[[ Recorded information, beginning ]]

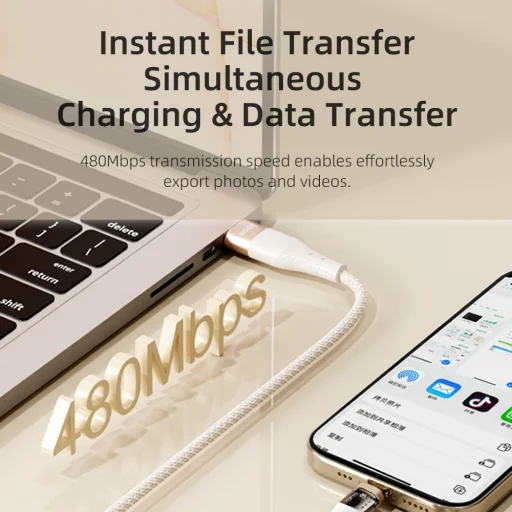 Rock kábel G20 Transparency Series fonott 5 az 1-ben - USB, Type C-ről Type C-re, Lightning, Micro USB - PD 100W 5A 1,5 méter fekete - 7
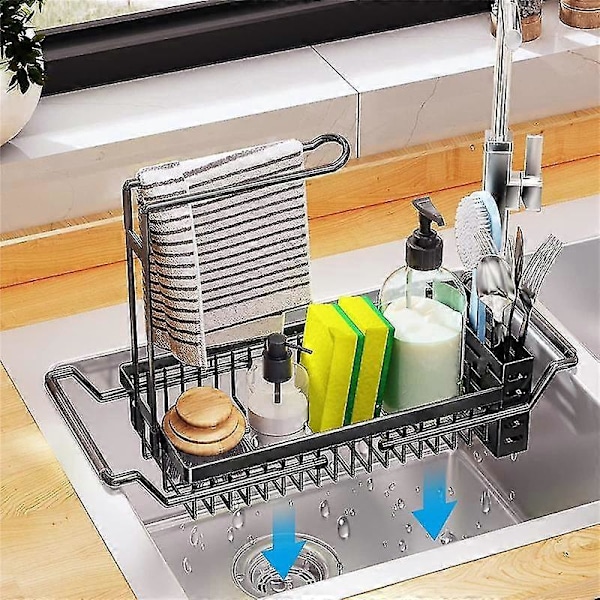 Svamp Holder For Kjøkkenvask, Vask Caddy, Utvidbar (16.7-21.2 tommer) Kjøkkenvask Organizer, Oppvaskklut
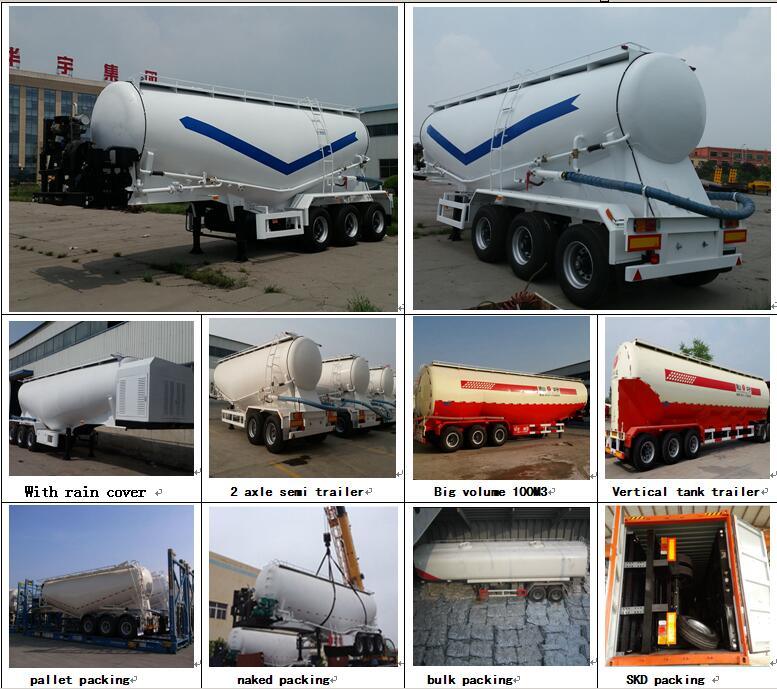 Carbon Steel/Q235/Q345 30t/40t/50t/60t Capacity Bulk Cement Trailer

[[ Recorded information, end ]]
[[ Recorded information, beginning ]]

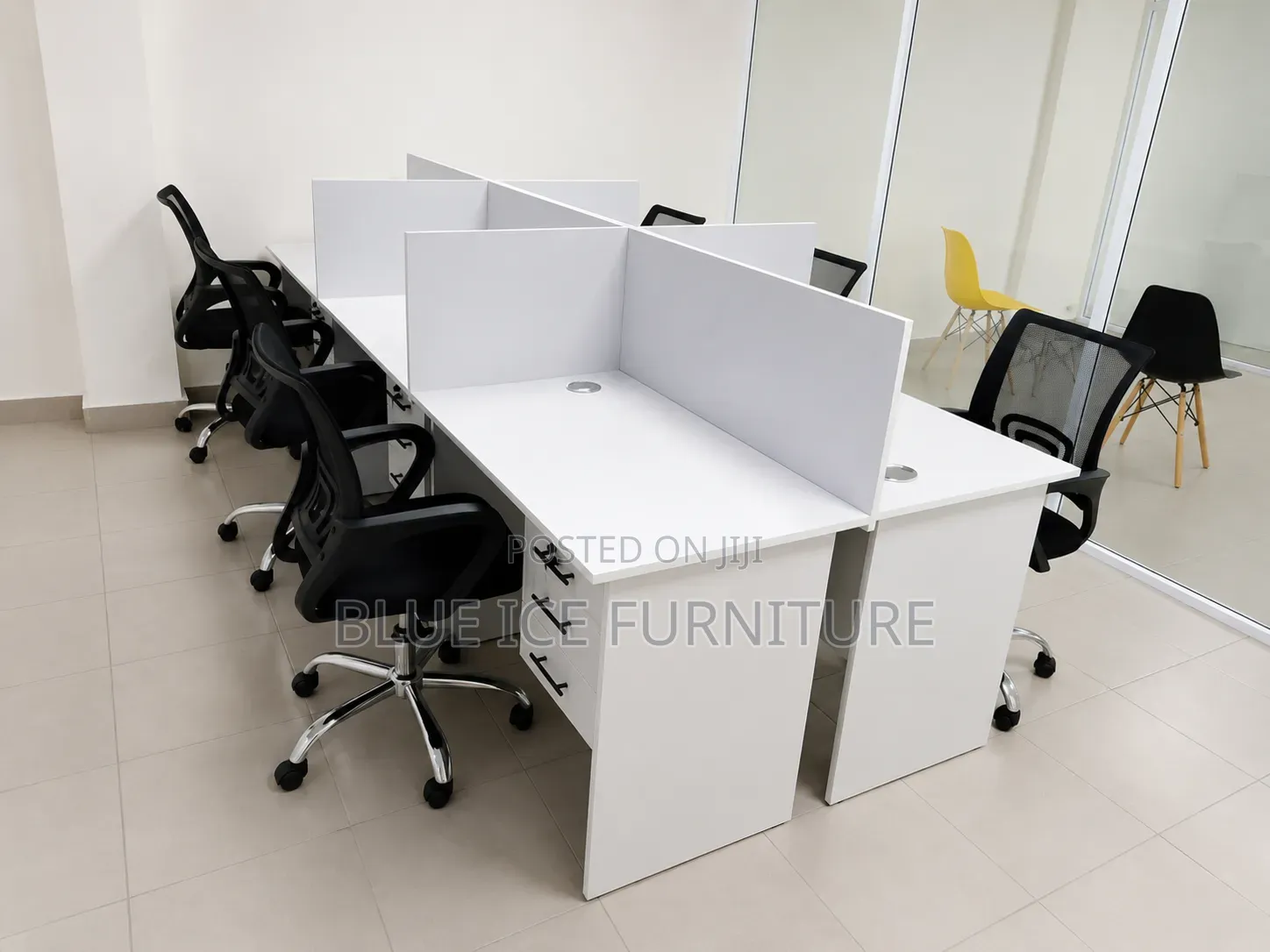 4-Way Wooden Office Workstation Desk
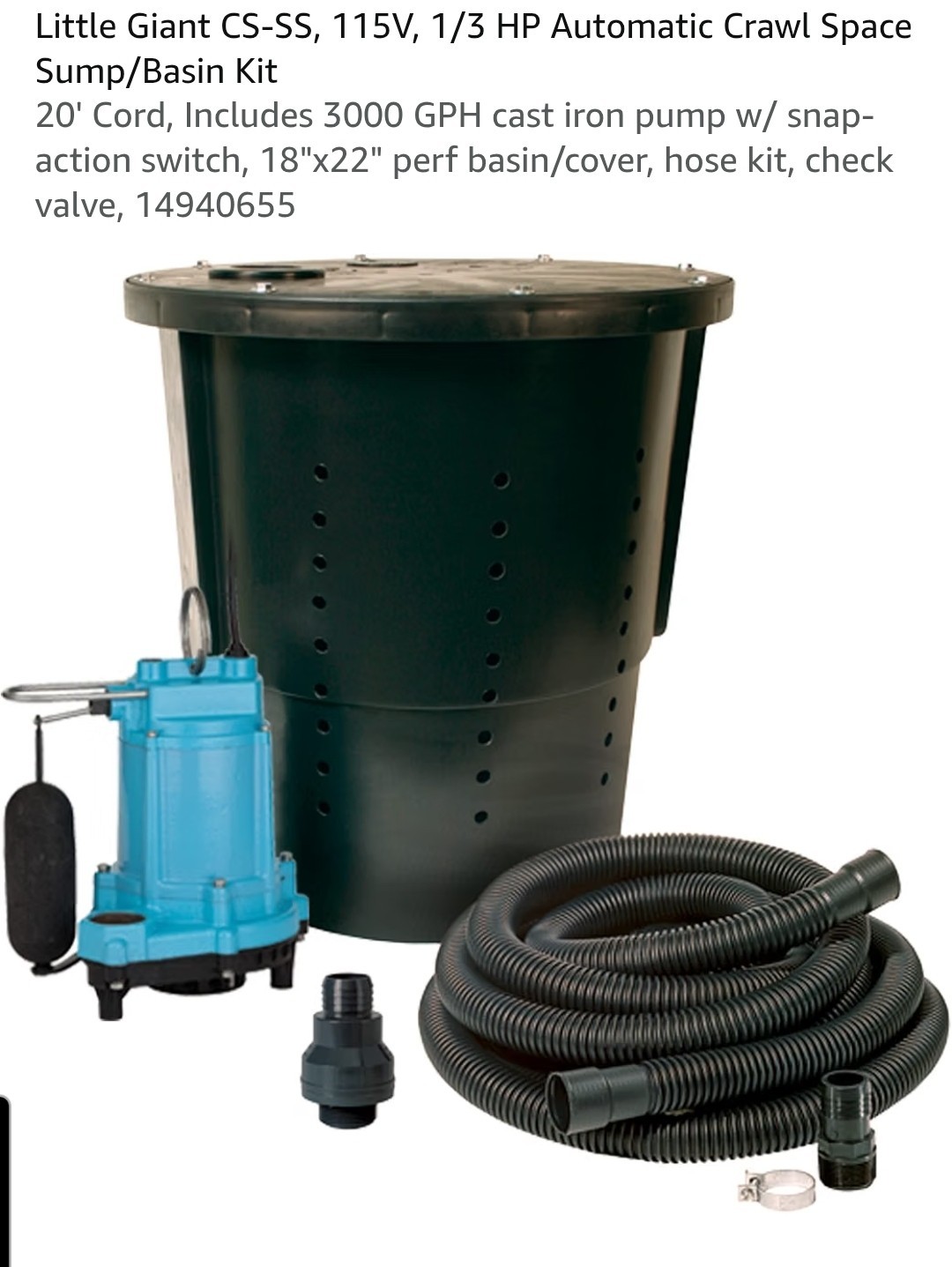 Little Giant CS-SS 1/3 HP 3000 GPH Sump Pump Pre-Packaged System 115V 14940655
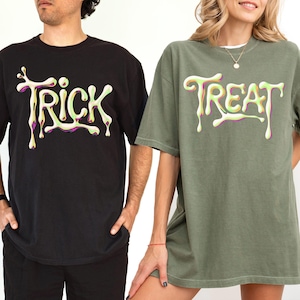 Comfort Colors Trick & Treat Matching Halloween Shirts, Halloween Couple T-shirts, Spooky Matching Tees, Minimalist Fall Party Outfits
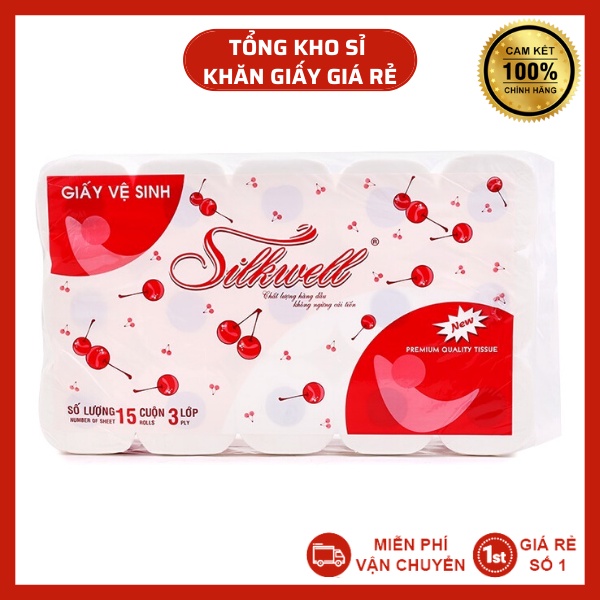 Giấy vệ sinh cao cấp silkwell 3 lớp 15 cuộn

[[ Recorded information, end ]]
[[ Recorded information, beginning ]]

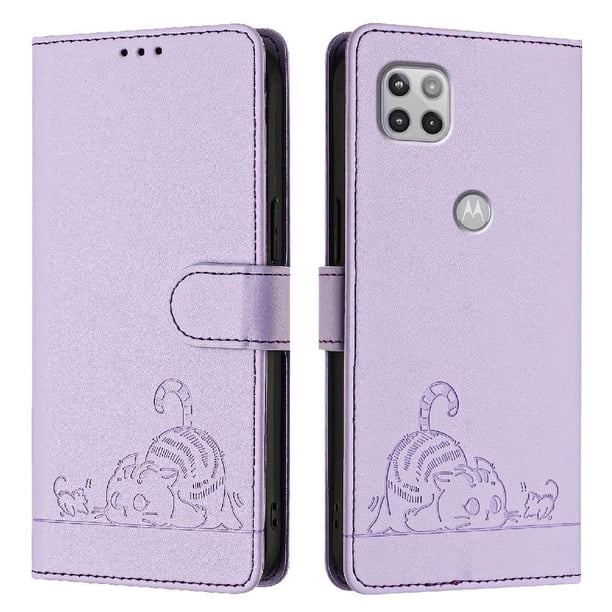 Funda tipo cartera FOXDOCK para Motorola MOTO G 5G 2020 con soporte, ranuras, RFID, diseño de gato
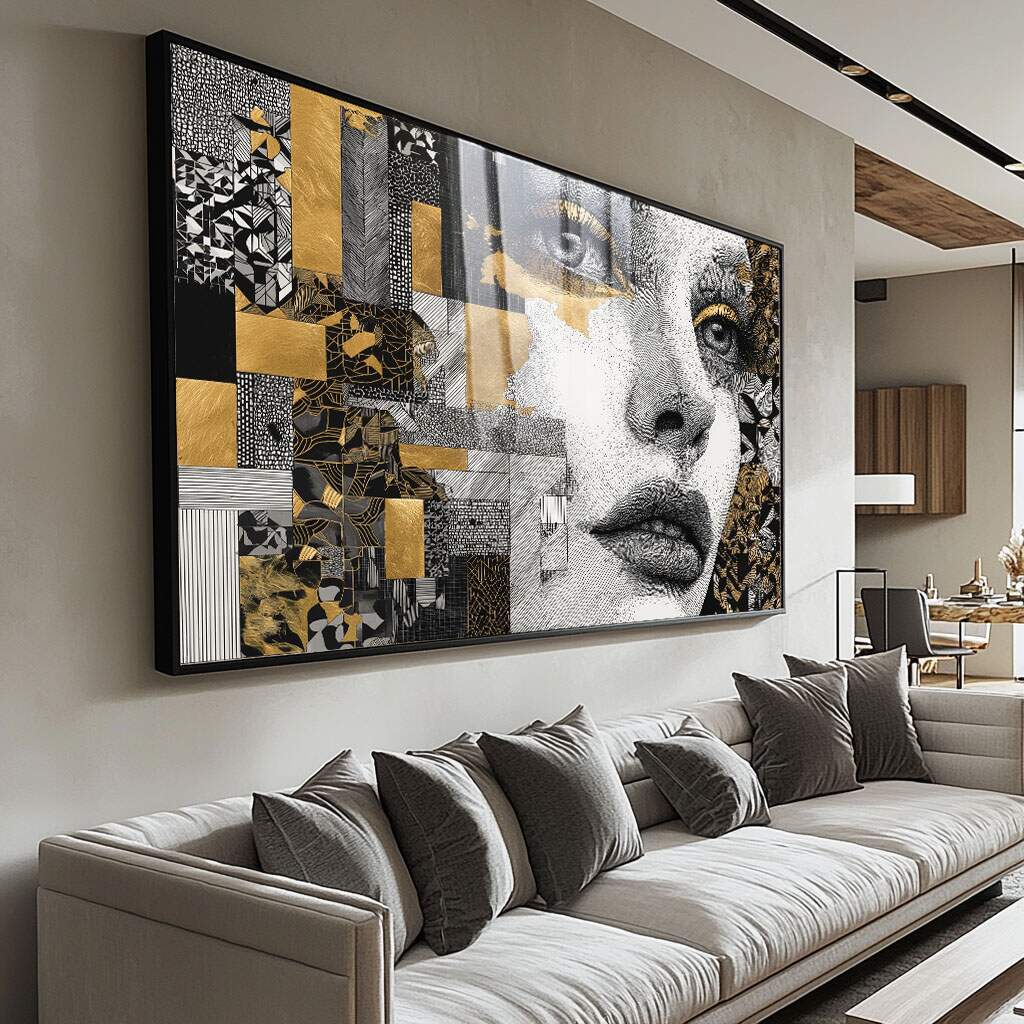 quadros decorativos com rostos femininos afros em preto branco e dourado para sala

[[ Recorded information, end ]]

What to work on: Each line above from the one containing "Rock kábel G20" through the one containing "Carbon Steel/Q235/Q345 30t/40t/50t/60t" is to be returned verbatim. Nothing else, and no pictures.

Reply:
 Rock kábel G20 Transparency Series fonott 5 az 1-ben - USB, Type C-ről Type C-re, Lightning, Micro USB - PD 100W 5A 1,5 méter fekete - 7
 Svamp Holder For Kjøkkenvask, Vask Caddy, Utvidbar (16.7-21.2 tommer) Kjøkkenvask Organizer, Oppvaskklut
 Carbon Steel/Q235/Q345 30t/40t/50t/60t Capacity Bulk Cement Trailer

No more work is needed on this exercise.